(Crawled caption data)
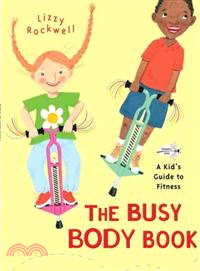 The Busy Body Book ─ A Kid's Guide to Fitness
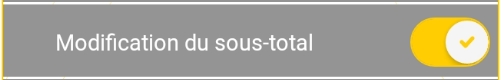Activer ou désactiver la modification du sous-total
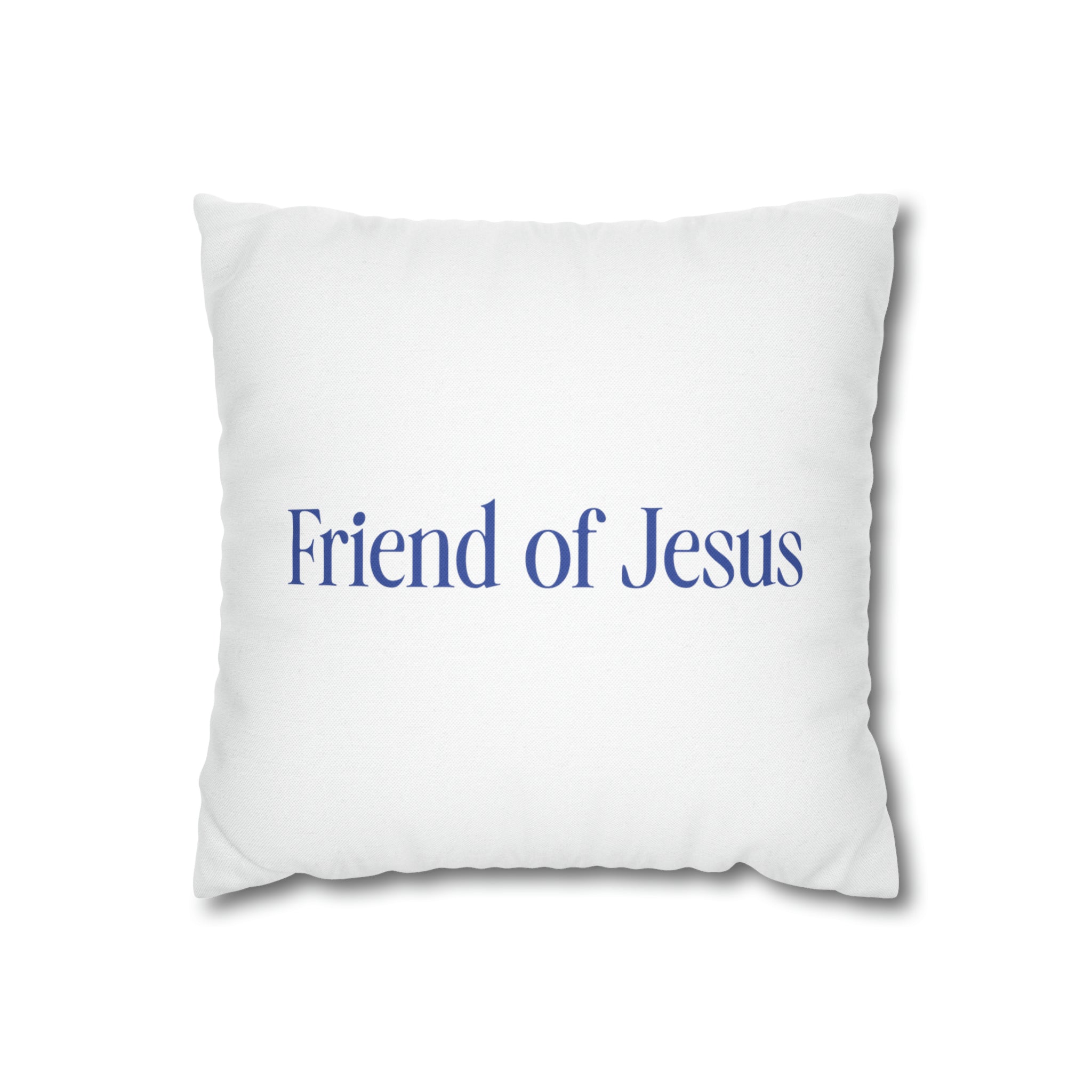 Friend of Jesus - Pillow Case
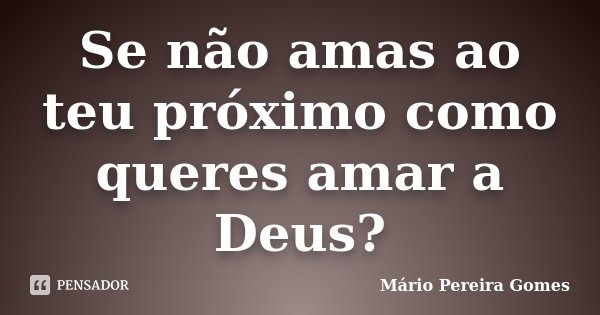 Se não amas ao teu próximo como queres amar a Deus?... Frase de Mário Pereira Gomes.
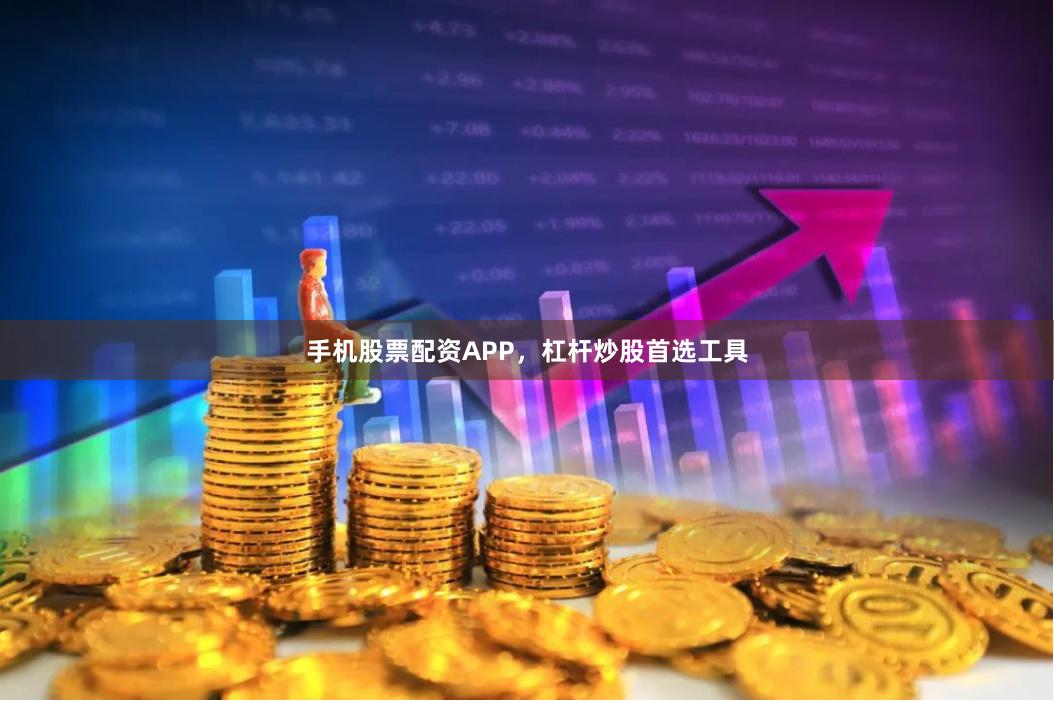 手机股票配资APP，杠杆炒股首选工具
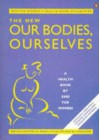 The New Our Bodies, Ourselves - Boston Women's Health Book Collective, Jill Rakusen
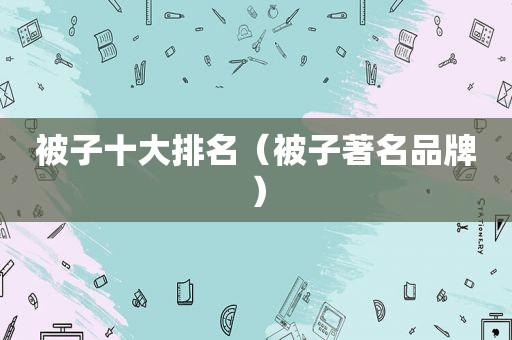 被子十大排名（被子著名品牌）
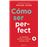 Cómo ser perfecto. la respuesta cor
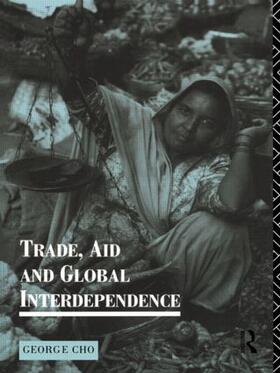 Cho |  Trade, Aid and Global Interdependence | Buch |  Sack Fachmedien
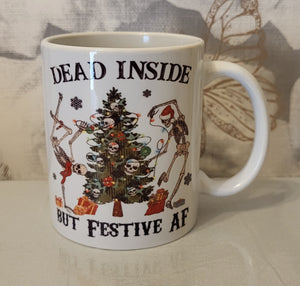 Dead Inside But Festive AF Mug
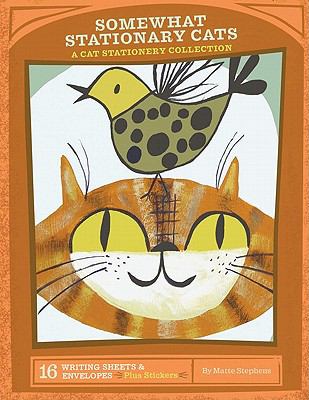Somewhat Stationary Cats A Cat Stationery Collection N/A 9780811876353 Front Cover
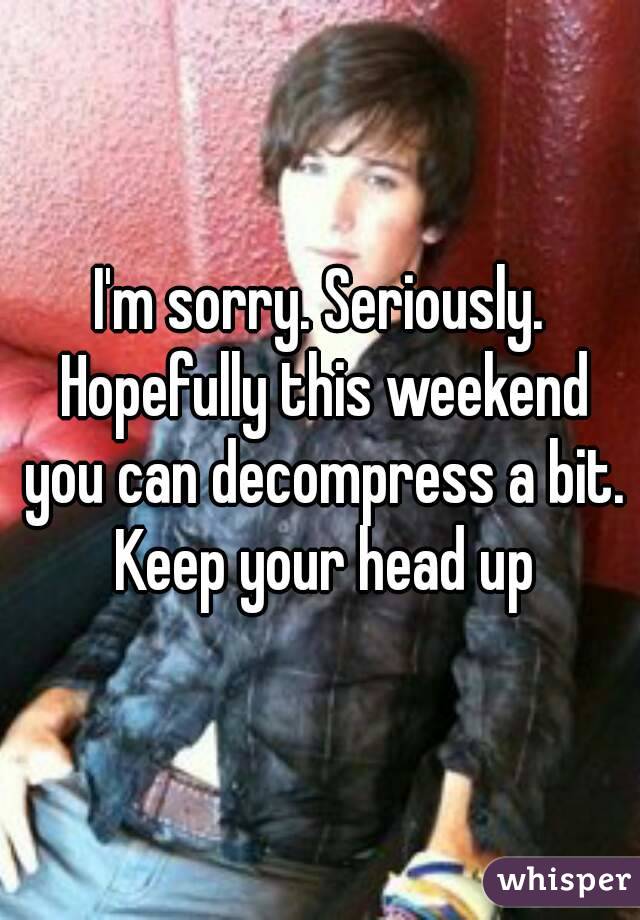 I'm sorry. Seriously. Hopefully this weekend you can decompress a bit. Keep your head up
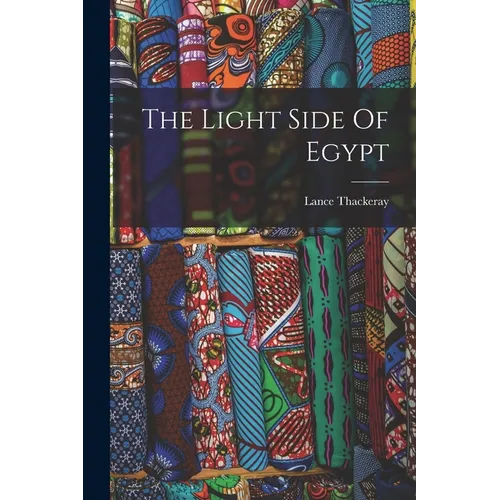 The Light Side Of Egypt - Paperback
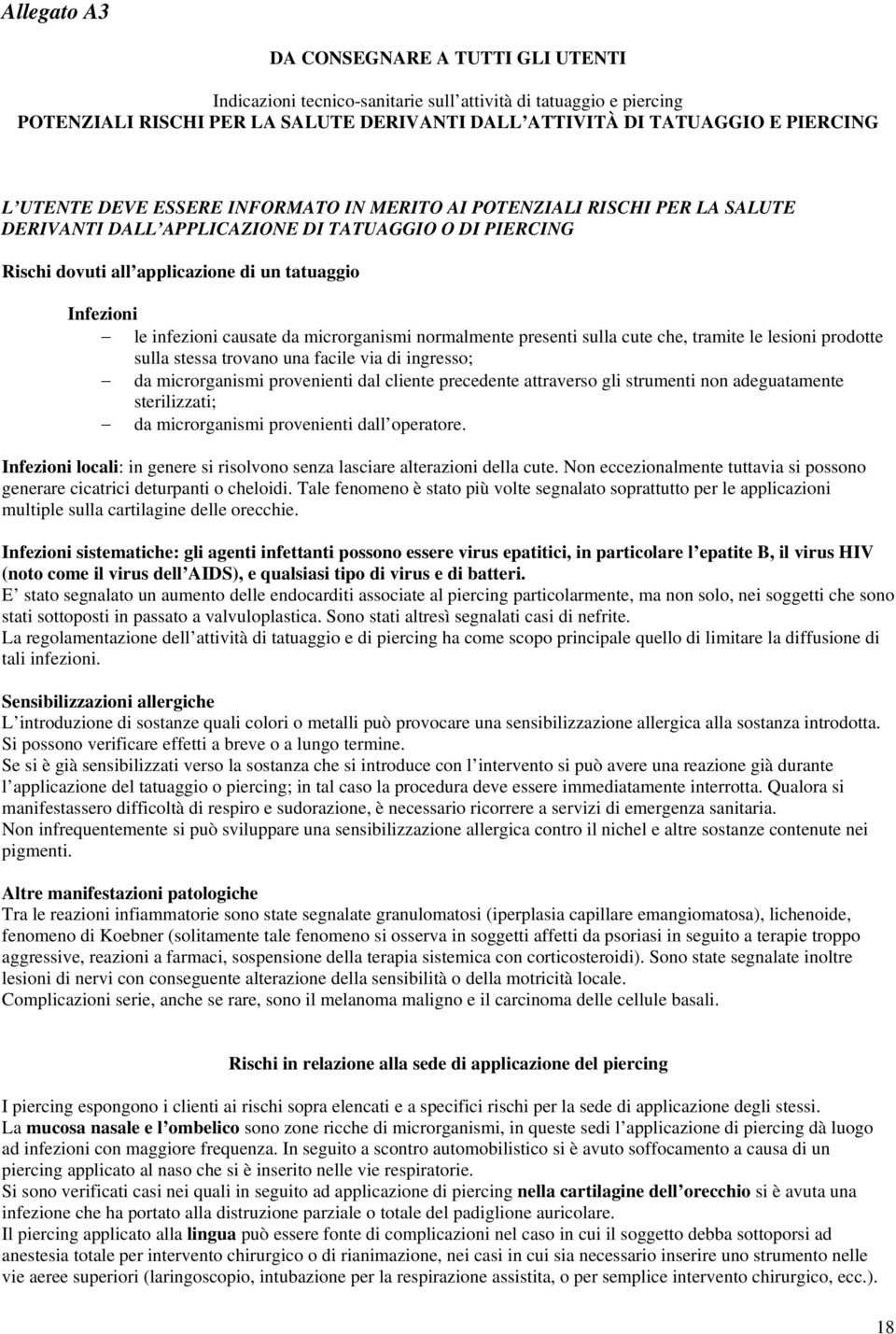 causate da microrganismi normalmente presenti sulla cute che, tramite le lesioni prodotte sulla stessa trovano una facile via di ingresso; da microrganismi provenienti dal cliente precedente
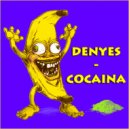 DENYES - COCAINA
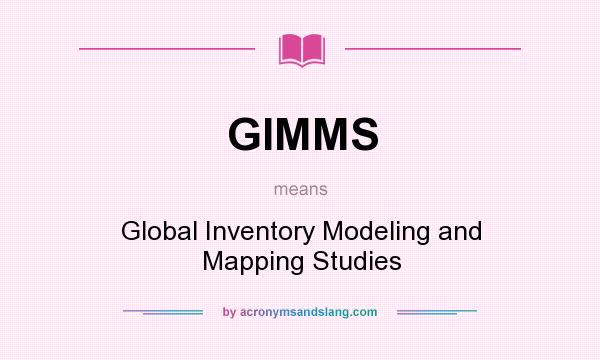 What does GIMMS mean? It stands for Global Inventory Modeling and Mapping Studies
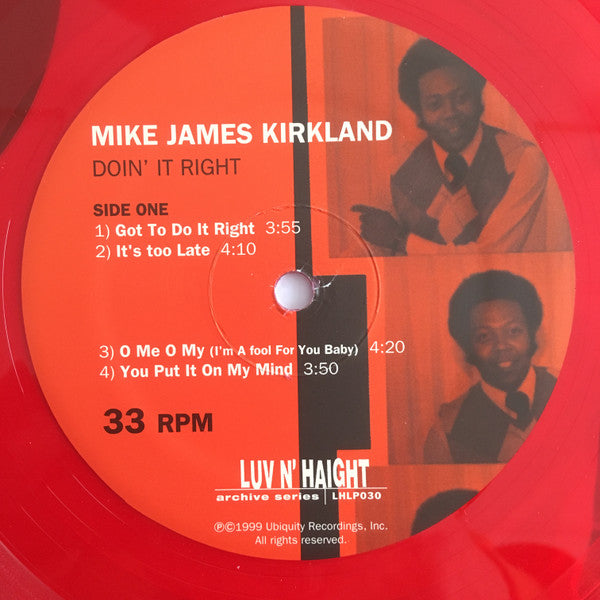 Image of Label Cover of 3545244S: LP - MIKE JAMES KIRKLAND, Doin' It Right (Luv N' Haight  ; LHLP030, US 2014 Reissue, Picture Sleeve, Red Vinyl)   VG+/VG+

== Task to complete ==
Output each line above exactly. Skip the images.

== Solution to this task ==
 The Busy Body Book ─ A Kid's Guide to Fitness
Activer ou désactiver la modification du sous-total
 Friend of Jesus - Pillow Case
 Se não amas ao teu próximo como queres amar a Deus?... Frase de Mário Pereira Gomes.
 手机股票配资APP，杠杆炒股首选工具
 The New Our Bodies, Ourselves - Boston Women's Health Book Collective, Jill Rakusen
 被子十大排名（被子著名品牌）
 Cómo ser perfecto. la respuesta cor
 Cho |  Trade, Aid and Global Interdependence | Buch |  Sack Fachmedien
 Dead Inside But Festive AF Mug
Somewhat Stationary Cats A Cat Stationery Collection N/A 9780811876353 Front Cover
 I'm sorry. Seriously. Hopefully this weekend you can decompress a bit. Keep your head up
 The Light Side Of Egypt - Paperback
 causate da microrganismi normalmente presenti sulla cute che, tramite le lesioni prodotte sulla stessa trovano una facile via di ingresso; da microrganismi provenienti dal cliente precedente
 DENYES - COCAINA
 What does GIMMS mean? It stands for Global Inventory Modeling and Mapping Studies
 Image of Label Cover of 3545244S: LP - MIKE JAMES KIRKLAND, Doin' It Right (Luv N' Haight  ; LHLP030, US 2014 Reissue, Picture Sleeve, Red Vinyl)   VG+/VG+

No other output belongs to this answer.